After Saddam was toppled last year, Iraq's US occupying administrator Paul Bremer dissolved the 375,000-strong army and imposed a campaign of de-Baathification to clear out the old administration.

"Generations of Iraqis went through the Baathification process.
If we paint everyone with the same brush, then we'll have to put half the population on trial"

Dr Taha Jazaa, chief editor,
al-Watan newspaper

Allawi added that he may issue a law next week reinstating some former Baath party members.

"The decision (on whether to reinstate Baathists) will be announced next week," said Allawi, who broke with the Baath party in the 1970s.

Many Iraqis agree that the US handling of Iraq - specifically related to de-Baathification and the Iraqi Army - has been disastrous.

'Catastrophic error'

Dr Taha Jazaa, chief editor of al-Watan newspaper in Baghdad, told Aljazeera.net that Washington's policies were rife with "catastrophic errors".

"Generations of Iraqis went through the Baathification process. If we paint everyone with the same brush, then we'll have to put half the population on trial."

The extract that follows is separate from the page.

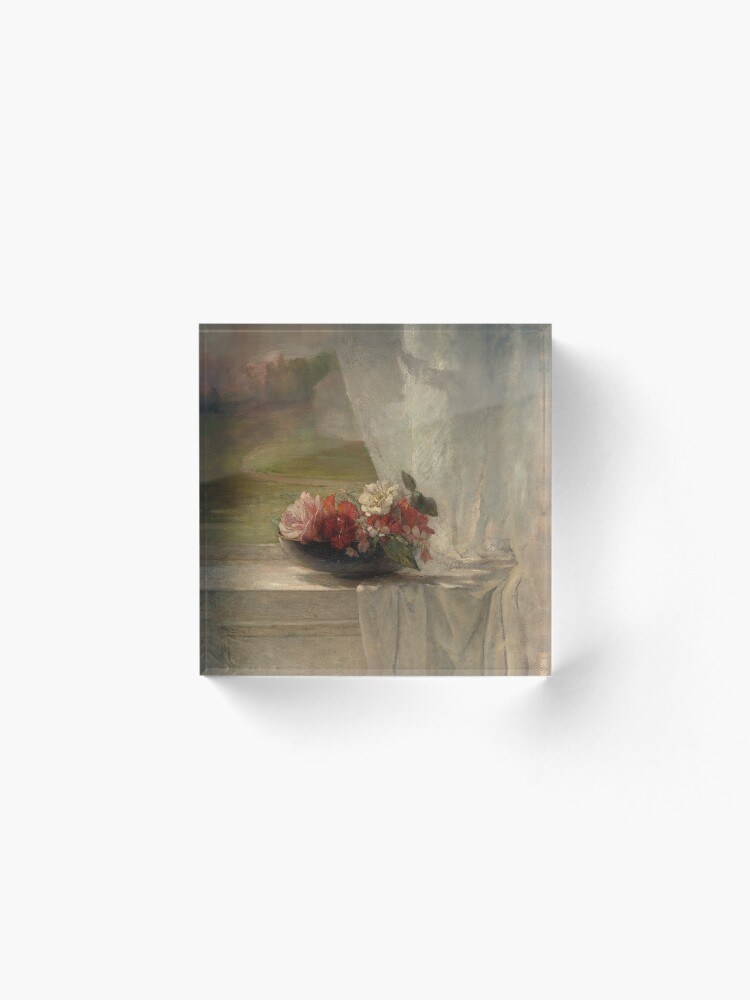 Alternate view of Flowers on a Window Ledge Oil Painting by John La Farge Acrylic Block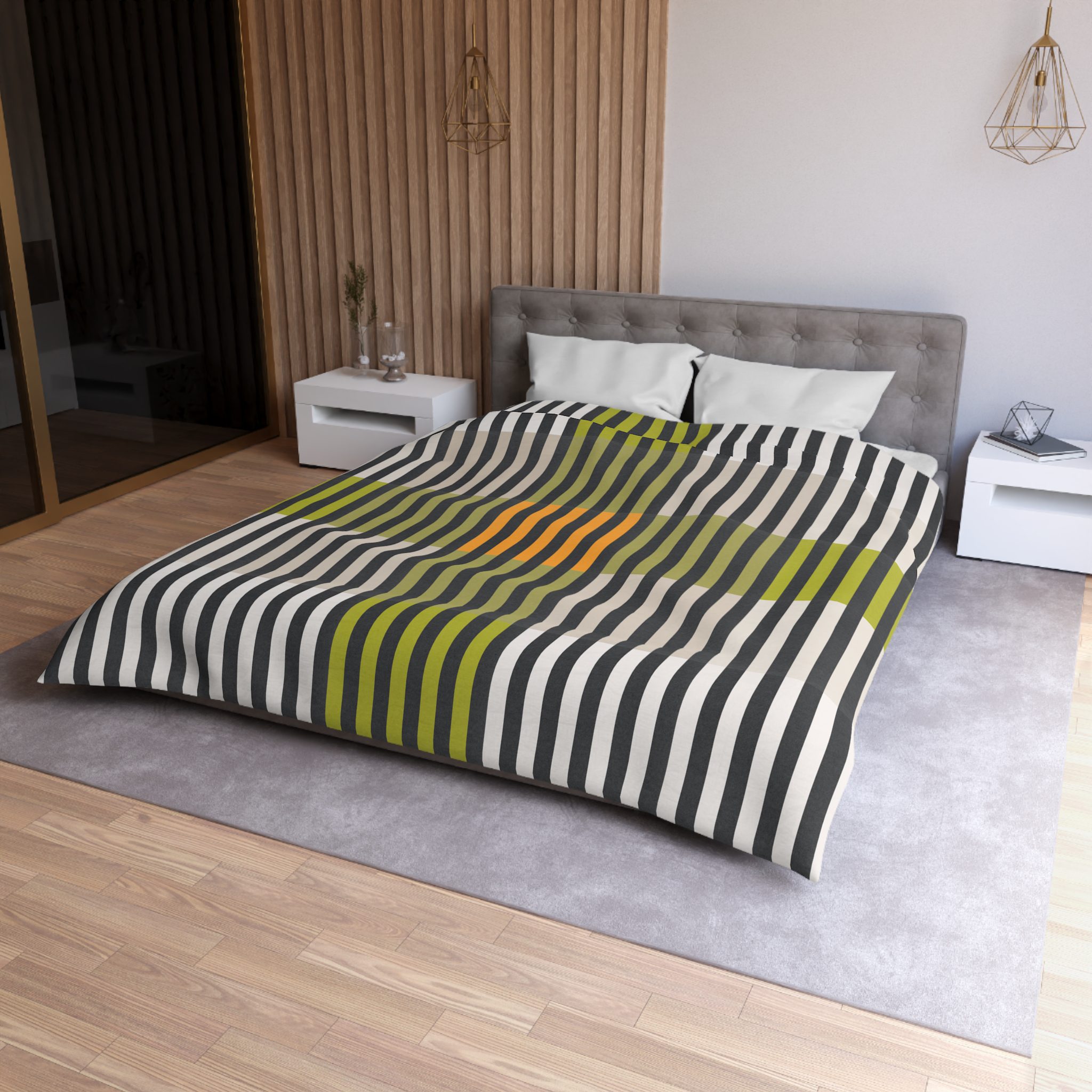 Green Geo Lines Microfiber Duvet Cover - Image 6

Jazaa says that the Bush administration does not appreciate the fact that Baathism was an ideology that incorporated various sectors of society with conflicting views and beliefs.

Paul Bremer has been criticised
for implementing the policy

"There were sectarian Baathists, secular Baathists, capitalist Baathists, communist Baathists, Marxist Baathists, and even opportunist Baathists - who would use the Baath party to serve their own interests," he said.

Political analysts put the number of Baathists at about two million people, but factoring in family dependents results in a large sector of Iraqi society being marginalised - and worse - in financial straits.

Sacked without reason

Dr Wamid Nadhmi, a political science professor at Baghdad University, told Aljazeera.net that many Iraqis were dismissed from their position without any hearing or for any reason, apart from being a Baath member.

"This policy should have only been used against individuals who have blood on their hands"

Dr Ahmad Abd al-Majid,
chief editor, Azzaman newspaper

"Three thousand professors have been sacked without any compensation or salary. Where is the human rights there?" Nadhmi said.

Nadhmi voiced frustration at seeing members of the governing council - some of whom were Baathists themselves until 1978 - being permitted to lead normal lives and participate in the reconstruction of Iraq.

Meanwhile technocrats or civil servants are being unfairly targeted.

"I cannot understand why the former minister of information (Muhammad Said al-Sahaf) is allowed to leave the country in a first class airplane, but a professor gets dismissed without any salary," he said.

Unwise decision

Dr Ahmad Abd al-Majid, the chief editor of Azzaman newspaper in Baghdad, says that Bremer was foolish to listen to members of the Iraq Governing Council who advocated de-Baathification.

"Who says all Baathists were bad?" he told Aljazeera.net.

"This policy should have only been used against individuals who have blood on their hands," al-Majid said.

"I cannot understand why the former minister of information (Muhammad Said al-Sahaf) is allowed to leave the country in a first class airplane, but a professor gets dismissed without any salary"

Dr Wamid Nadhmi, professor, Baghdad University

Independent Iraqi politician Dr Raad Mowlud Mukhlis agrees. He says that the de-Baathification programme should have been replaced with a decriminalisation effort.

"The US should have listened to this suggestion. Iraq has many Baathists who are great citizens, but what has happened to them today is totally against democracy and the basics of freedom," he said.

Allawi made it clear on Saturday that he intends to reverse the de-Baathification policy and may bring back the expertise of many who worked under Saddam.

If he is to begin rebuilding security, infrastructure, and Iraqi society, then Allawi has no other choice, say analysts.